ICT’s email to DoC students advised them to change their college password at their earliest convenience as a “precaution to ensure the details are not known to the malicious parties responsible for the breach”.

A source informed Felix that the breach was a rootkit that was installed on the shell1 server which had gone unnoticed for three weeks. A rootkit is one of the most difficult types of malicious software to remove, providing continued privileged access to a machine while employing many strategies to mask its presence from administrators and users. The software would allow circumventing the security measures set up, allowing the malicious attacker full access to the target. Typically, keyboard logging or screen capturing software is installed following a rootkit installation. They may also render the affected computers ‘zombies’, i.e. causing them to join part of a botnet for use in DDOS (Distributed Denial of Service) attacks against other servers by bombarding them with data requests.

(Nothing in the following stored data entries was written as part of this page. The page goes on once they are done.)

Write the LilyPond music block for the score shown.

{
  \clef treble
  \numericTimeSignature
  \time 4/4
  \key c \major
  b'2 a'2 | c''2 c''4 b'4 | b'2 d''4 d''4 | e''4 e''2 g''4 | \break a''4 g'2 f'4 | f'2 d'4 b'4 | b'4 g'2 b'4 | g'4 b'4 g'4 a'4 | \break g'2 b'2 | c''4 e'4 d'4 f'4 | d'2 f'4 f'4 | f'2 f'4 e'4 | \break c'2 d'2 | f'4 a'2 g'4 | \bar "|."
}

Rootkits are extremely difficult to detect, and removal may be impossible in the case of a kernel compromise. It is speculated that the malicious hackers involved recorded passwords of students and staff as they logged in to the department. A Computing class was advised by their lecturer to assume that “anything [they] did on those machines over the last three weeks, any data, communications, passwords, all that could have been recorded”.

It is not yet known whether the attack originated internally or otherwise, or what the intentions were. The Department of Computing Society sent out an email informing students of the actions they ought to take to reduce the potential damage caused by this. Changing the DoC password was considered of utmost importance, and those who did not by 5pm on the 25th of February had their accounts frozen until the password change had been made, with an email being sent to the account (no longer accessible, however) stating “[the user] will be unable to log in to [their] account” until the password is changed. Furthermore, any passwords stored by their browsers are also compromised, as well as the entire home directories where files are stored.

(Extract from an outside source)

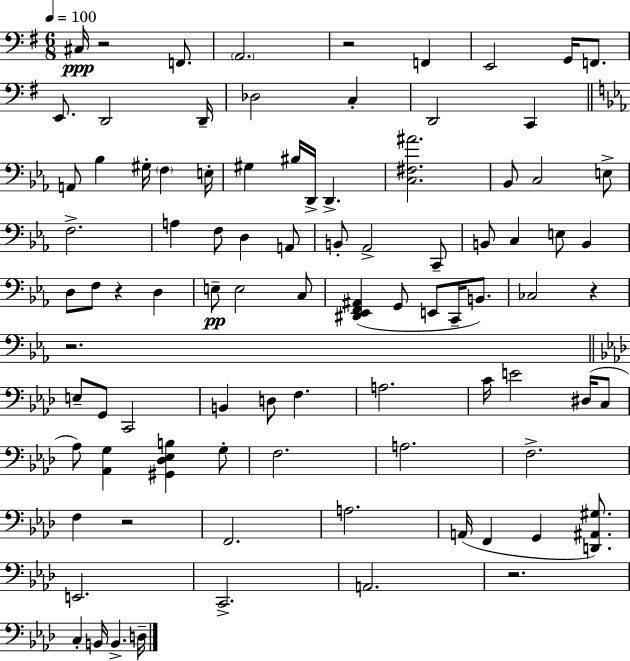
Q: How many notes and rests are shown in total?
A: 90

DoC and College have separate networks, which means non-DoC members are unable to log in to machines in the DoC labs using their normal credentials. Upon discovering the breach, ICT security imposed a block on the SSH (Secure Shell) service in DoC. DoC’s Computing Support Group (CSG) is currently having discussions with ICT to reopen access. For the moment, students have been advised to assume that “for the foreseeable future, no SSH access to or from DoC will be permitted”.

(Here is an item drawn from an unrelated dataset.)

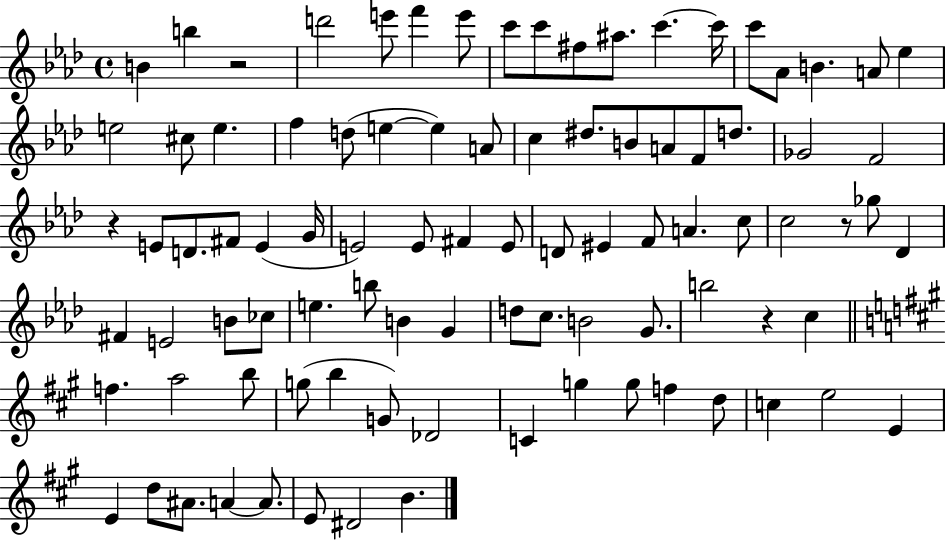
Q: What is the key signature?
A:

SSH is a protocol which provides a means to exchange data between machines via a secure channel. Students often use SSH to access their filesystem or applications on the lab machines from home. With the block of the SSH service arising close to a major coursework deadline, many second year students complained that they could not submit in time and called for extensions. The coursework, which involves rewriting a teaching operating system’s internals, had been extended over the weekend but the SSH service was not restored. Amongst the complaints, one student commented that “it was at worst an inconvenience”, and that “instead of [the group] working on the project on the sofa, [they] had to go into labs”. The review of whether SSH can be reopened continues today with further investigation.